[Web page caption snippets]

== Segment start ==

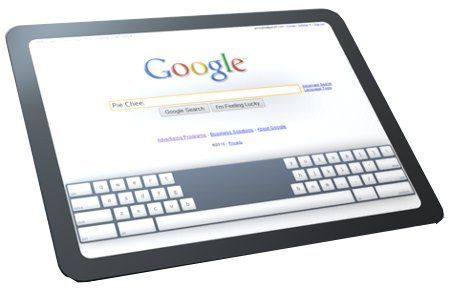google tablet Google lanzará su propia tablet en 2012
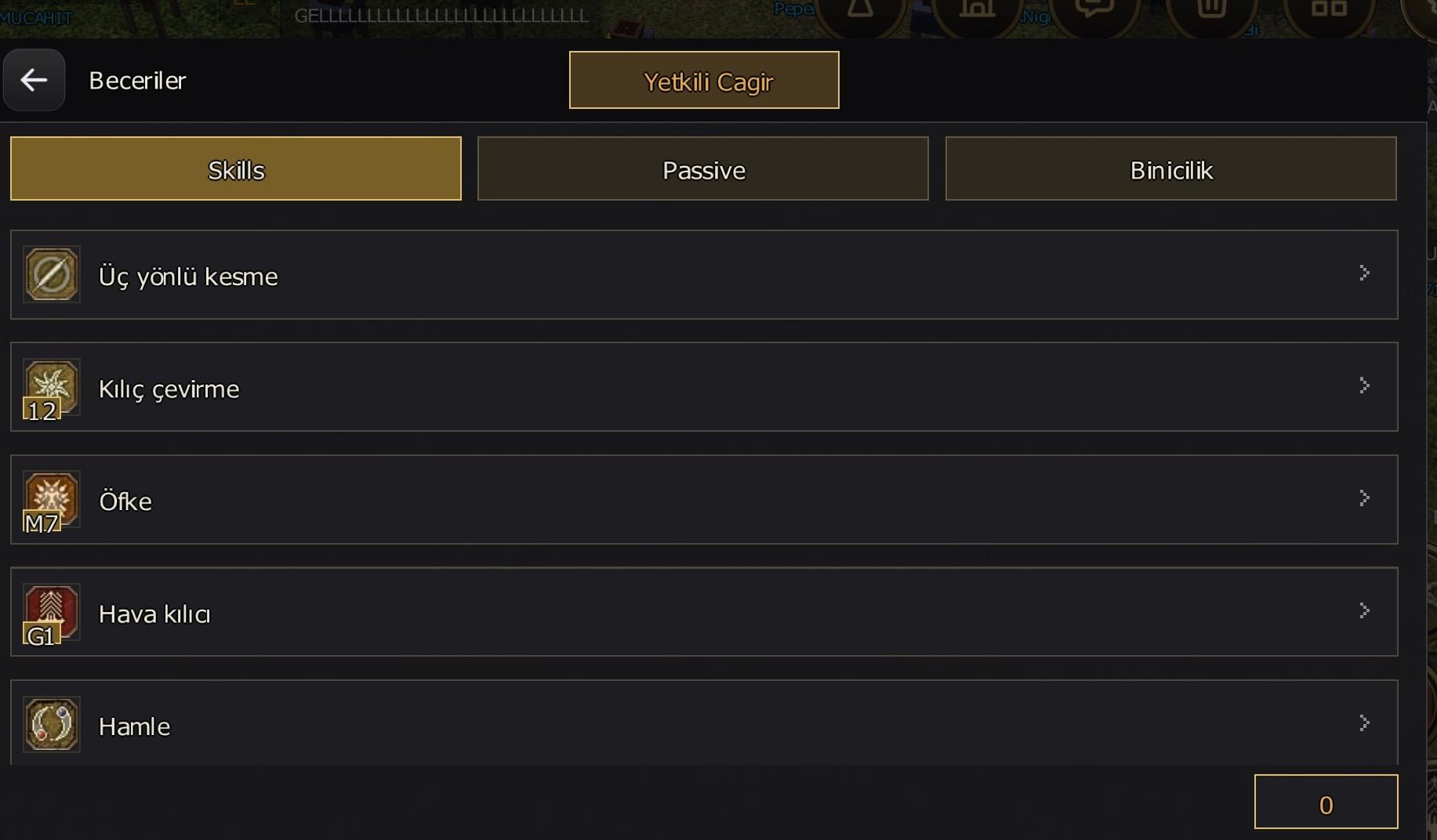 45 LVL BEDENSEL AÇIKLAMA OKU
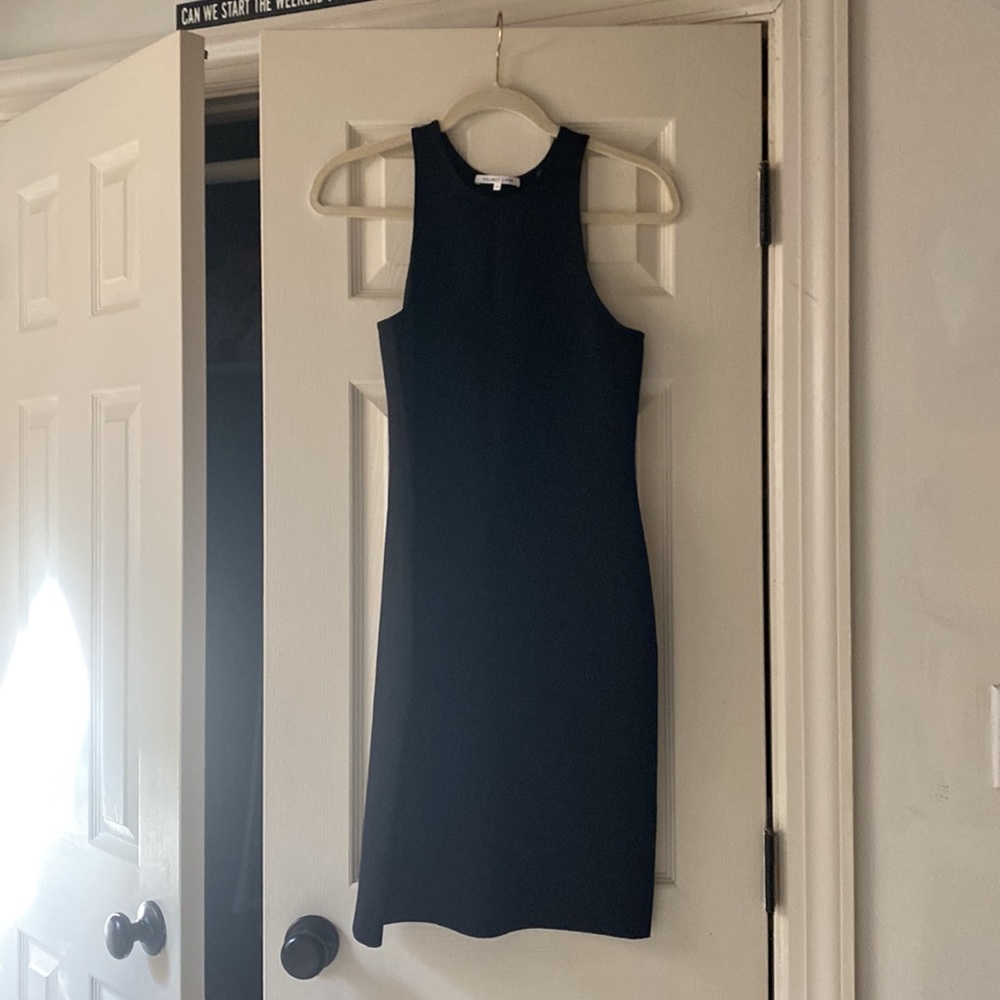 Helmut Lang neoprene dress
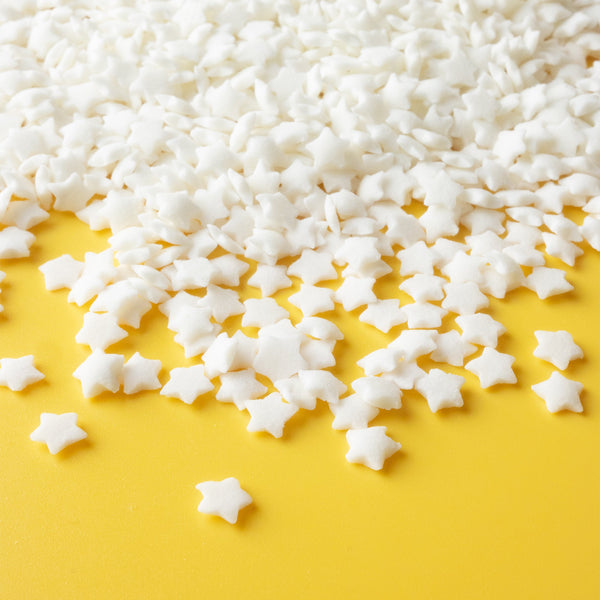 White Star Quin Sprinkles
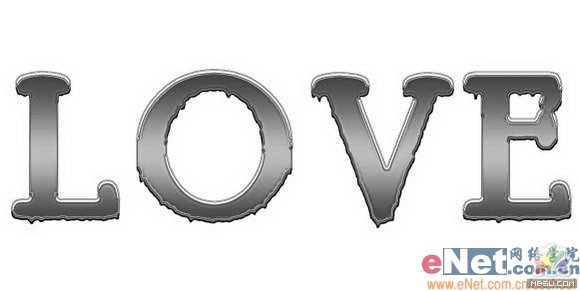 Photoshop打造熔化了的“LOVE”字符特效19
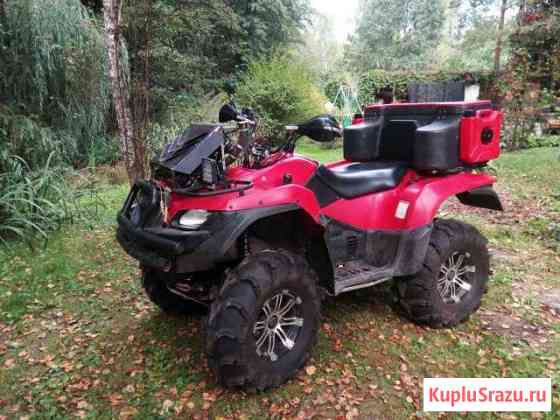 Suzuki /сузуки king Quad 750 2011г.в. Обмен Кубинка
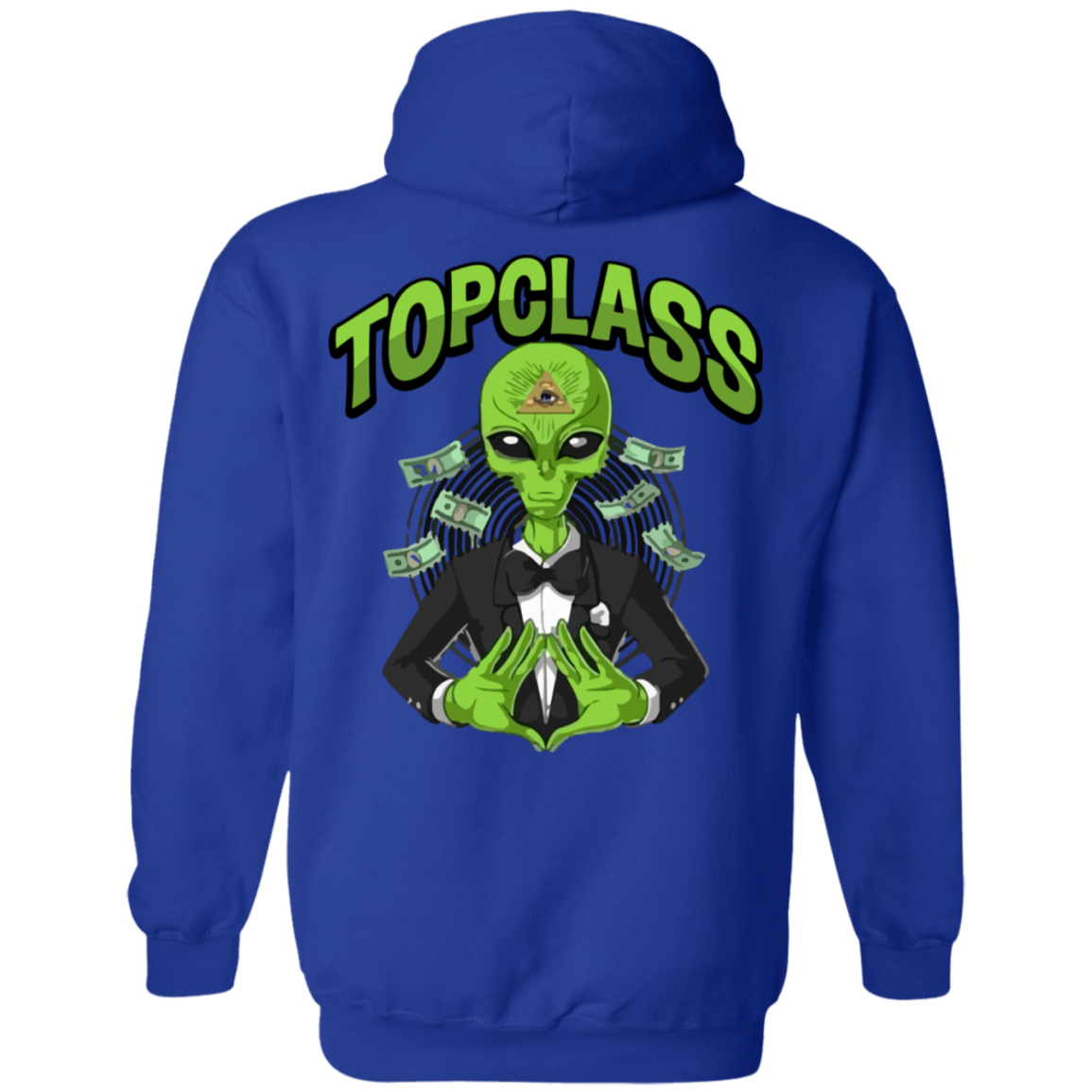 Topclass Alien Hoodie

== Segment end ==

* [Problem to solve]: Excluding the pictures, restate the records above word for word.

* [Your solution]:
google tablet Google lanzará su propia tablet en 2012
 45 LVL BEDENSEL AÇIKLAMA OKU
 Helmut Lang neoprene dress
 White Star Quin Sprinkles
 Photoshop打造熔化了的“LOVE”字符特效19
 Suzuki /сузуки king Quad 750 2011г.в. Обмен Кубинка
 Topclass Alien Hoodie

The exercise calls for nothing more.